The obedience is as precise as the command. First Noah and his family go out, and then all the creatures follow. This is not a chaotic stampede. It is an orderly procession. The text says they went out "by their families." This is a beautiful picture of created order. God is not the author of confusion. He saved them by their kinds, and He releases them by their families. The created distinctions are maintained and honored. The world was destroyed because man had corrupted his way, blurring every line and despising every distinction. The new world begins with a restoration of that order.

This orderliness is central to a biblical worldview. God creates, commands, and governs with perfect wisdom. The disembarking of the ark is a microcosm of God's plan for the world. He calls His people, He gives them His word, and they are to move out in an orderly, family-based, distinction-honoring way to fulfill His mandate. The family is the basic unit of society, and we see it honored here at the very dawn of the new world. The covenant is made with Noah and his household, and they come out as households. The animals come out by their families. This is how God builds. He builds with families.

The image is powerful.
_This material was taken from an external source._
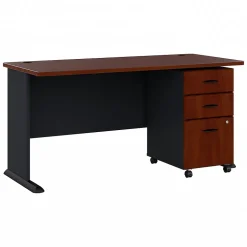 Bush Business Furniture Computer Desks<Cubix 60W Desk with Mobile File Cabinet, (SRA003HCSU)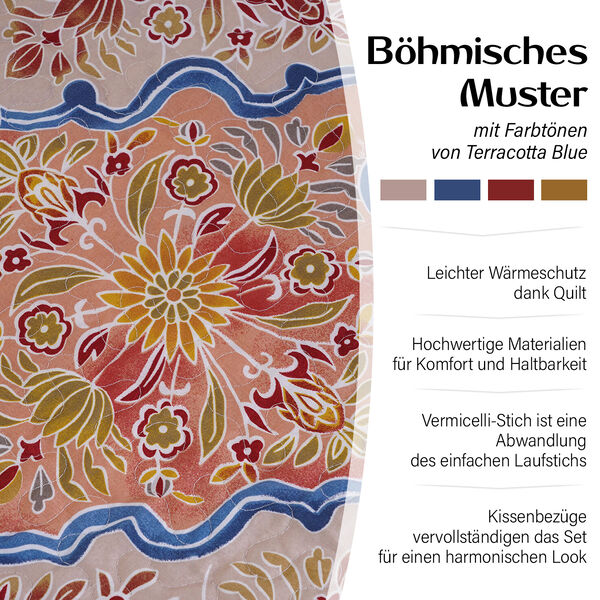 Serenity Night: 3er Set &ndash; Bedruckte Steppdecke und 2 Kissenbez&uuml;ge, Terracotta Blau image number 1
A man, his family, and a world of creatures, stepping out of a vessel of salvation into a pristine, empty world, armed with a divine command to fill it. This is the task that was given to Adam. It is the task that is renewed for Noah. And it is the task that is given to the Church. We have been delivered through the waters of judgment in the ark of Christ, and we have been placed in this world with a command: be fruitful, multiply, and fill the earth with the glory of God.


Conclusion: Your Ark and Your Commission

Every one of us is in this story. The ark is a type of Christ. The world that then was, being overflowed with water, perished. That is the world of our sin, our rebellion, our spiritual death. It is a world under the just condemnation of God. But God, in His mercy, has provided an ark. Jesus Christ is our refuge from the storm of God's wrath. By faith, we are brought into Him, and God Himself shuts the door, sealing us in His grace.
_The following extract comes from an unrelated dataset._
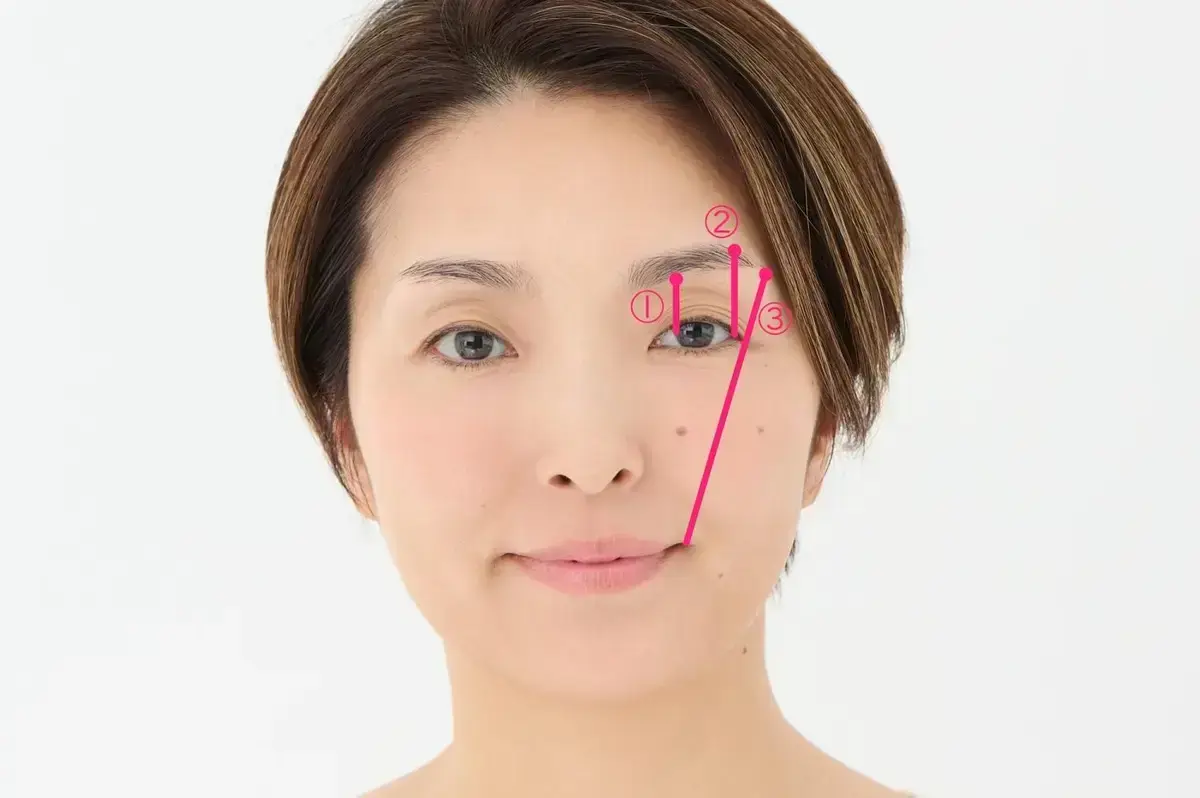 ミディアムブラウンのアイブロウペンシルで、ガイドの点を３カ所入れます。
Inside that ark, we are saved. We pass through the waters of judgment, and they cannot touch us. This is what baptism signifies. As Peter tells us, baptism is the antitype of the flood; it saves us, not as a magical washing, but as an appeal to God for a good conscience through the resurrection of Jesus Christ (1 Peter 3:21). We go down into the water, symbolizing our death with Christ, and we are raised up, symbolizing our resurrection to a new life in a new world.

And when we come up out of those waters, what is the first thing we hear? We hear the same command that Noah heard. "Go out." Go out into this world. Be fruitful. Multiply. Take dominion. Fill the earth with worshipers of the living God. Your home, your work, your neighborhood, your nation, these are the new lands you are to fill. You are to bring forth the fruit of the Spirit. You are to multiply disciples. You are to establish godly families that go out by their families to serve the Lord.

But remember the patience of Noah. Do not run ahead of God's command. Steep yourself in His word, so that you know His voice. Wait for His timing. And when He says, "Go," then go with the full assurance of faith. The God who brought Noah out onto dry ground is the same God who has brought you out of darkness into His marvelous light. He has given you a new world, and a glorious commission to fill it for His glory. So let us go out, by our families, and get to it.